As a result of the directives’ permissiveness and the varying financial reporting environments within the EU, the member states’ financial reporting standards and practices are very diverse. In countries with a stronger equity culture (e.g., Ireland and the United Kingdom), financial reporting has tended to be more important and more transparent. In contrast, financial reporting has tended to be less important and less transparent in countries where debt financing dominates (e.g., France and Germany). The International Forum on Accountancy Development’s GAAP 2001 survey demonstrates the broad diversity of financial reporting standards among the EU member states under the directives. The survey identified differences between a country’s accounting requirements and International Accounting Standards (IAS) for 80 key financial statement items. The survey found that the number of differences with IASs ranged from a low of 20 (Ireland) to a high of 42 (Austria). The mix of types of differences (i.e., recognition, valuation, and disclosure issues) varied significantly as well. It is not surprising that Fritz Bolkestein, then internal market commissioner of the EC, described the state of variation in accounting standards as a European “Tower of Babel.”

IAS regulation. The variation in accounting standards mirrored the generally fragmented state of capital markets in the EU. Because EU capital markets lack the size and the degree of integration of those in the U.S., many of the EU’s larger companies seek financing in U.S. markets. With the goal of improving the integration and competitiveness of EU capital markets, the EC detailed its vision for a single EU financial services market in a June 2000 position paper, EU Financial Reporting Strategy: The Way Forward. The EC identified harmonization of accounting standards for listed companies as central to achieving its vision; more specifically, it identified the adoption of IASs as the best path to successful accounting harmonization.

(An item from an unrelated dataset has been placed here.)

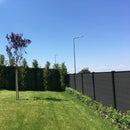 Оградна система WPC HORIZEN (цената е за пълен комплект за 2 метра ограда)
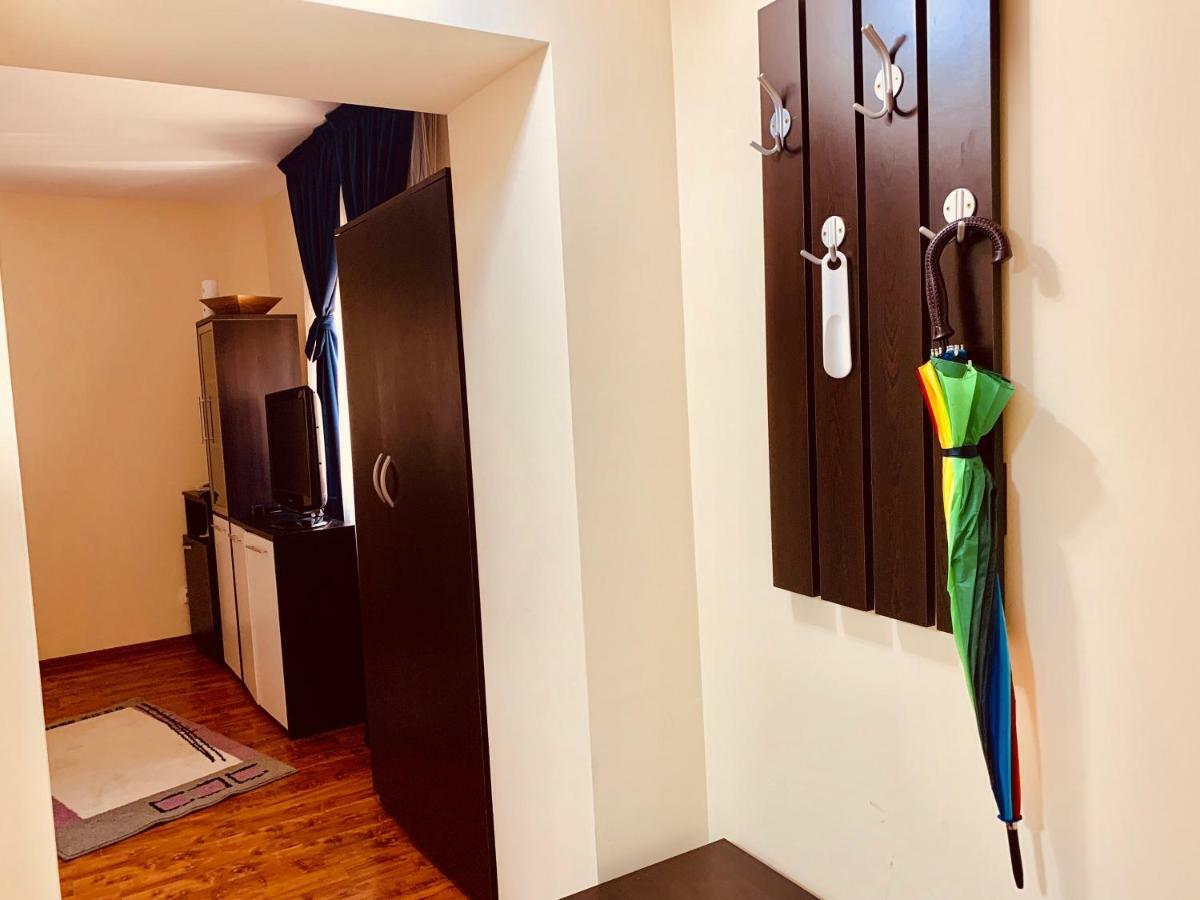 Casa Carter Hotel Sfantu Gheorghe  Ngoại thất bức ảnh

The EC formally proposed an IAS regulation in February 2001 calling for listed companies in the EU to begin applying IASs in 2005. At the urging of France and Germany, the EU Council added an amendment allowing member states to delay the required adoption of IASs to 2007 for companies with only listed debt and for companies that use a globally accepted GAAP (e.g., U.S. GAAP). The European Parliament approved the amended regulation in March 2002, and the EU Council approved it three months later.

The IAS regulation has affected the vast majority of listed companies in the EU. At the time the regulation was approved, only 275 of the EU’s 7,000 public companies used IAS. Of the 7,000 public companies, 6,500 were reporting under their applicable national standards. All of these companies were required to convert to IFRS beginning January 1, 2005. (IFRSs are issued by the IASB, which was formed in 2001. IASs were issued by the IASB’s predecessor, the International Accounting Standards Committee, and many of them remain in effect. The term IFRSs in this article includes the surviving IASs.) With the EU’s expansion in 2004, the number of EU public companies applying IFRS in 2005 has grown to 9,000.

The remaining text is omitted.